Hospice, Crying, and Sleeping

Hospice, Crying ,and Sleeping                By Lori La Bey

Here are some comments and questions about hospice and dealing with someone who can’t communicate any more, that came from one of our readers Michelle.  I thought many of you may be wondering about the same things so decided to make our conversation a post.

Good morning Lori…Hope all is well with you.

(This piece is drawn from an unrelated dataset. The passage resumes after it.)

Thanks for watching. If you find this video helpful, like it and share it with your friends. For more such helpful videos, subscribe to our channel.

Spoke with my mom’s hospice nurse yesterday and just mentioned how my mom cries. She explained to me that sometimes this may be her way of acknowledging you. Do you find that to be true? I thought perhaps that she may be in pain, but she told me they have a way of noticing if that is so. She will be assessed next month to see if she will continue with the hospice care. She said if she continues to have weight loss and not eating well…that she will be able to have the hospice care. As weird as this sounds, I hope she will continue to be eligible for their care.

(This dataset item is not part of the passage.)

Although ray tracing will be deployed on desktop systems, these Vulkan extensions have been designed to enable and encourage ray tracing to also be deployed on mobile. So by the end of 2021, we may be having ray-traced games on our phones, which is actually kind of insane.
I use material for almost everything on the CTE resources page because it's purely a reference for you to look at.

The nurse also mentioned that her sleeping is normal. She seems to always be asleep whenever I call the nursing facility. I thought they were giving her meds to make her sleep, but she said that is not the case. She said that in the final stages sleeping a lot is normal. Do you find that to be the case?

I plan on visiting with my mom this weekend. Just to connect again and touch. Can’t wait

Take care Lori and have a wonderful day

 Hi Michelle,

 It’s good to hear from you.  Sorry your Hubby is sick.  Hopefully he is not a whiner.  LOL No really, I hope he doesn’t have H1N1, but if he usually doesn’t stay home you know he is feeling pretty bad.  Maybe some good chicken noodle soup will perk him up and he’ll be up and running soon.

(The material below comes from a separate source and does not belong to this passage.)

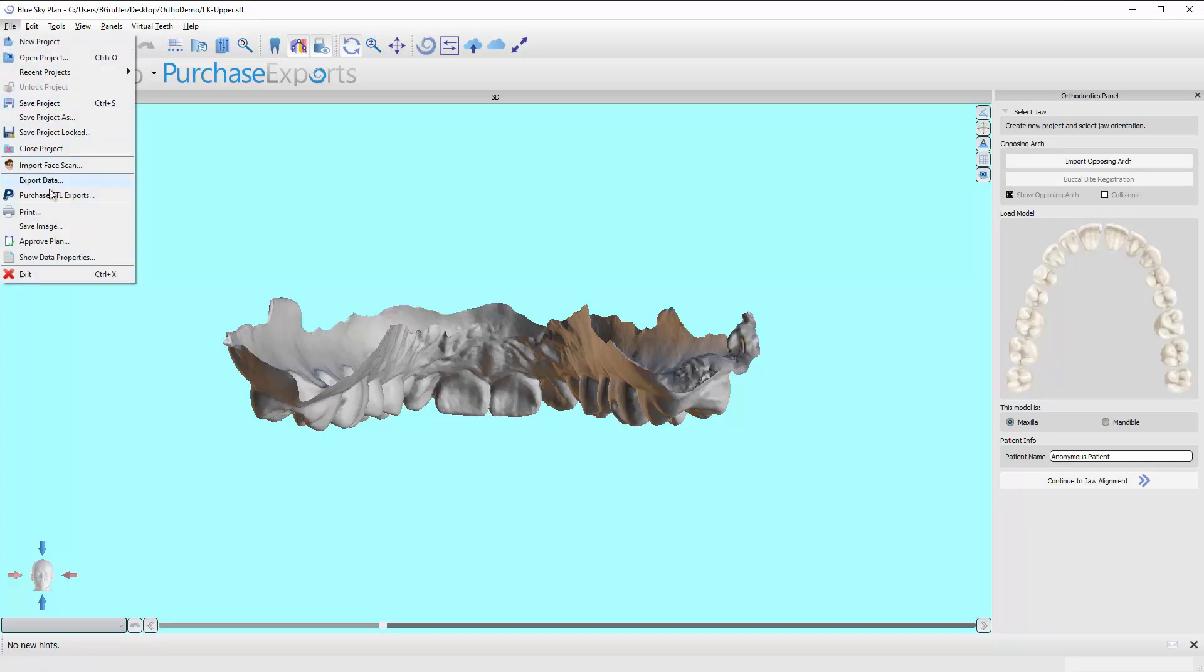There's other things available if you need to purchase exports. If we're all done designing this case and decide to move forward and export the case, it's going to use one of our exports. An export is basically the way the software is monetized. You can download it for free and tinker with it, but if you want to output the files from the orthodontic module it is a per case fee.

 You asked a couple of question.

 Let me address the first question on crying.  Here I have to agree with Hospice.  I have found their cries are different for pain, then when acknowledging someone around them.  As I say that I’m trying to figure out how I know that.  I guess I look at their eyes, mouth, facial expressions, and body movement in general to tell me.  Do their eyes look soft and calm or fearful or painful?   Does their mouth look peaceful, smiling, or is it unaffected vs. twisted and tight.    If they start to twist their face, or body; or twitch I find this is usually a pain situation. 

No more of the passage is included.